On Sat, 28 Jun 2014 12:51:07 +0200
drago01 <drag...@gmail.com> wrote:

> On Sat, Jun 28, 2014 at 12:22 PM, Florian Weimer <fwei...@redhat.com>

...snip...

> > The signature is on the RPM header, not the payload.  The RPM
> > header only lists digests of individual files (after decompression).
> >
> > So this shouldn't make a difference.
> 
> OK so there is no reason not to do it really.

I'm clearly failing to get accross how this works... I guess I'll give
it one more go and then bow out. :) 

So, say you have a.rpm. You build it, You sign it. 
A user installs a.rpm and is happy. 
b.rpm comes along as an update. You build it. You sign it. 
You make a a-to-b.drpm of the changes between the two. 

User wants to upgrade installed a to b via the drpm. 
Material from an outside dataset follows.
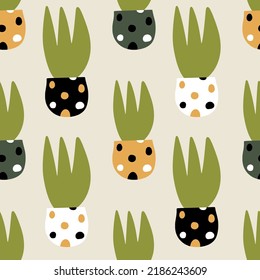 Seamless vector pattern with colorful trendy home plants. Сoncept for fabric and paper, surface textures.
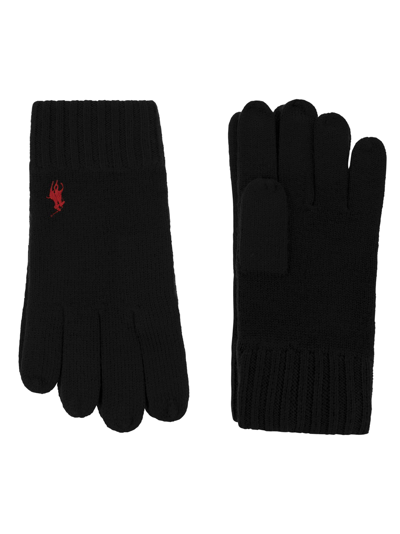 Polo Ralph Lauren Knitted Touch Gloves With Pony In Black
In order to not assemble b.rpm locally and just apply a-to-b.drpm to
your existing install you would need to either: 

a) yum/dnf would have to grow support to do what rpm does right now,
ie, unpack files on the filesystem, update rpmdb, etc.

or

b) rpm would need to grow support for drpms directly. It current to my
understanding doesn't have any. 

So, sure, we could sign drpms and yum/dnf could check that, but they
still need to assemble the final rpm in order to pass it to rpm. 

Feel free to poke around at it and come up with a proof of concept or
buy in from one of those groups if you can get it working.